■ **THE TASK**:
Whenever a line in the data below includes the string "Vintage", copy it out.

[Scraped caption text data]

▬▬▬▬▬▬

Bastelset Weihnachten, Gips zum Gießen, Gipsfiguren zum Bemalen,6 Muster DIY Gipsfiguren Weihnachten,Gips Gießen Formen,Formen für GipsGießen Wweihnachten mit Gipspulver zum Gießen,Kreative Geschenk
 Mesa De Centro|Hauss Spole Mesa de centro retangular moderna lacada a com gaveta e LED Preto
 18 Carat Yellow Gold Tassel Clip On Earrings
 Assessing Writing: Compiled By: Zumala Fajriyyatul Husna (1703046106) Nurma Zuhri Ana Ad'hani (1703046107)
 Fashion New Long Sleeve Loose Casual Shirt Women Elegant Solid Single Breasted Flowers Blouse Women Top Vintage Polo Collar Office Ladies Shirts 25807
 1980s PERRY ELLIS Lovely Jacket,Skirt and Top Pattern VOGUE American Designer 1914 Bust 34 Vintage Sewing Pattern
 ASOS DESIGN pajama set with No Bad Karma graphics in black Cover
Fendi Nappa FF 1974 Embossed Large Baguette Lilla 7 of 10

▬▬▬▬▬▬

■ **SOLUTION FOR THIS PROBLEM**:
 Fashion New Long Sleeve Loose Casual Shirt Women Elegant Solid Single Breasted Flowers Blouse Women Top Vintage Polo Collar Office Ladies Shirts 25807
 1980s PERRY ELLIS Lovely Jacket,Skirt and Top Pattern VOGUE American Designer 1914 Bust 34 Vintage Sewing Pattern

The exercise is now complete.